Combining Epitope-Based Vaccine Design with Informatics-Based Evaluation to Obtain a Universal Influenza Vaccine

Peter Kwong of the National Institute of Allergy and Infectious Diseases in the U.S. will use an informatics-based approach to identify influenza virus epitopes that are especially suited to induce a strong and broad immune response, being conserved, accessible, and with a specific structural flexibility, and develop them as vaccine targets. Influenza is highly contagious and can cause severe illness, particularly among the young, elderly, and those with pre-existing conditions. Current vaccines are only partially effective, protect against single strains, and are generally ineffective against pandemic strains.

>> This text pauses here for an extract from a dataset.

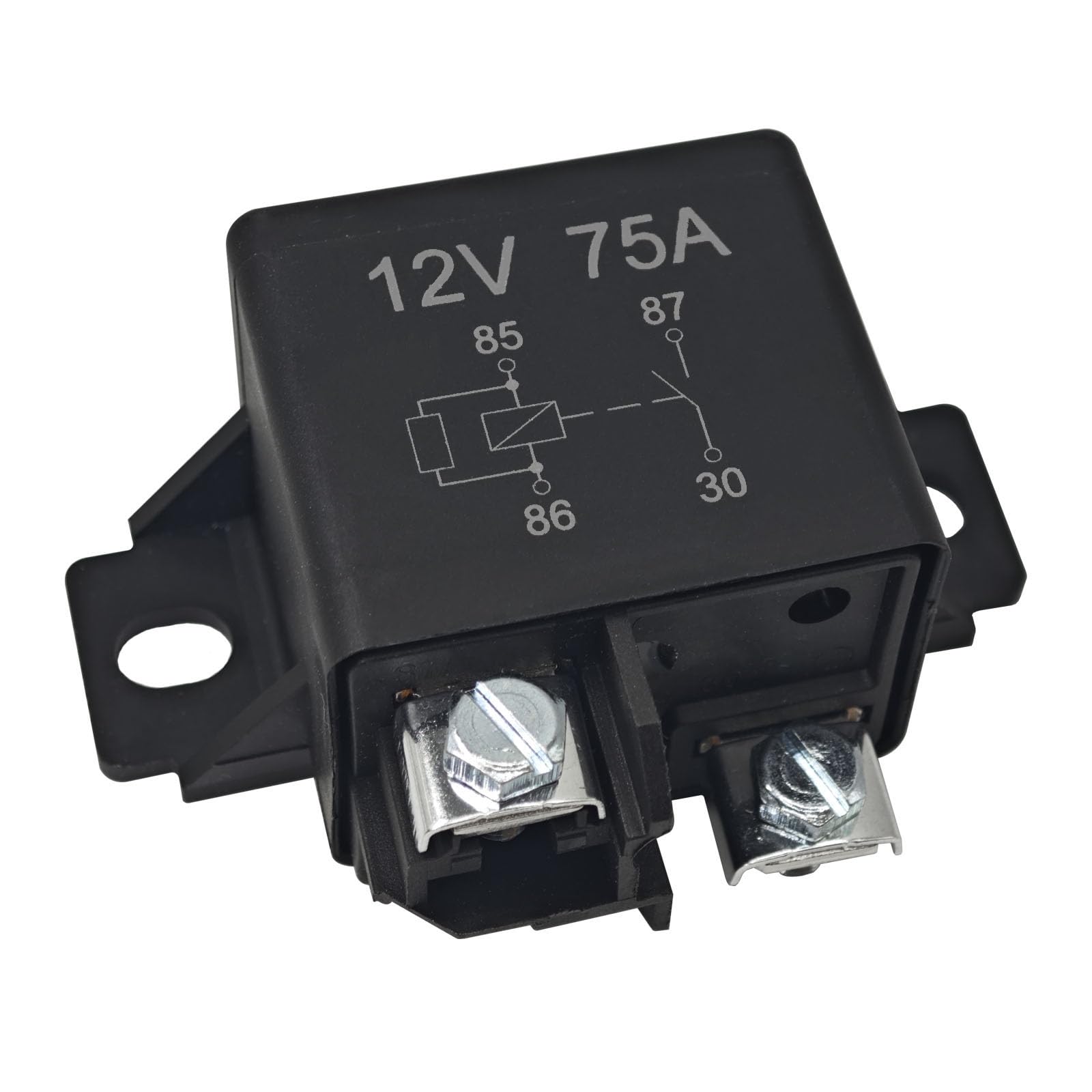 Relay V23232-D0001-X001 75A 12V - SPST-NO High Current Power Relay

Starting with three exposed influenza viral proteins, hemagglutinin (HA), neuraminidase (NA), and matrix protein 2 ectodomain (M2e), they will identify and rank candidate epitopes by determining their structural flexibility using all-atom molecular dynamic simulations, and by evaluating their conservation and surface accessibility, to promote recognition by the immune system and the generation of antibodies that target different viral strains. Candidate epitopes will be tested for antigenicity in vitro, and the best used to immunize mice to characterize the antibody response. After optimizing the vaccine regimen, they will ultimately evaluate the ability of the candidate vaccines to provide protection against diverse influenza strains in multiple animal models.